HM Courts and Tribunals Service FAQs

HMCTS has published a list of FAQs for probate practitioners covering online applications, paper applications, IHT queries and more.

Probate assessment now online

If you have colleagues who may be thinking of becoming accredited for probate, they may be interested to hear that the probate assessment can now be carried out online.

The assessment is still done under exam conditions, with online invigilation or ‘proctoring’. No specialist equipment is required and candidates will be taken through the process well in advance. Otherwise everything is the same as the in-person exam: a two-hour assessment with a mixture of multiple choice and short answer questions. The pass threshold remains at 50%.

This may be the ideal for time for furloughed staff to consider using the time to train in new areas such as probate work and you can find out more about the course below. It should be noted that doing the on-line course and sitting the assessment are permitted for furloughed staff.

Requirement to publish disciplinary information

We now publish historical disciplinary information on our website as required by our oversight body, the Legal Services Board. The disclosure policy is 5 years from date of tribunal/committee finding.
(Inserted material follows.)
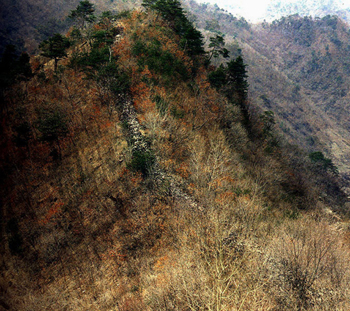 ankim04-18z15.jpg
Pending cases are not disclosed unless there is a temporary suspension.

Are your firm details up to date?

Please update us on any changes to these or any other changes to your firm structure by completing the standing data form and returning it to regulatorysupport@icaew.com

You must notify us of any changes to the structure of your firm within 10 business days. The annual return cannot be used for this purpose.

How changes to firm structure can affect eligibility

A seemingly straightforward change to your firm’s structure, or the appointment of a new principal in your firm, could mean your firm is no longer eligible to carry out probate work.

Guidance on the replacement of affidavits with statements of truth

The President of the Family Division of the Courts and Tribunals Judiciary has published the following guidance:

District Probate Registrars have been authorised to allow statements of truth to be used as an alternative to affidavits for the following applications and processes in the Non-Contentious Probate Rules 1987 – 12 (1), 16, 19, 25 (2), 26, 32 (2), 44 (12), 46 (2) & (4), 47 (4) & (6), 48 (2)a, 50 (2), 51, 52, 53, 54 (3), 55 (2) until 30 July 2020.

This guidance is issued to help non-contentious probate business continue while social distancing measures are in place.

Consideration will be given to making this rule change permanent by Statutory Instrument at a future date.

Our annual fee consultation is open

Please let us know your thoughts by 31 August 2020.

Latest updates can be found in Talk Probate

Please look out for the latest updates which will be posted first in Talk Probate, our online probate community. The community has a new, easy login process and we strongly recommend updating your settings to ensure you are immediately notified of any new announcements.

Updates from around ICAEW

Professional Indemnity Insurance: when is your renewal due?

There has been a hardening of the PII market over the last 18 months with some insurers withdrawing from the accountants’ market completely. It is recommended that firms prepare as early as possible for their renewal.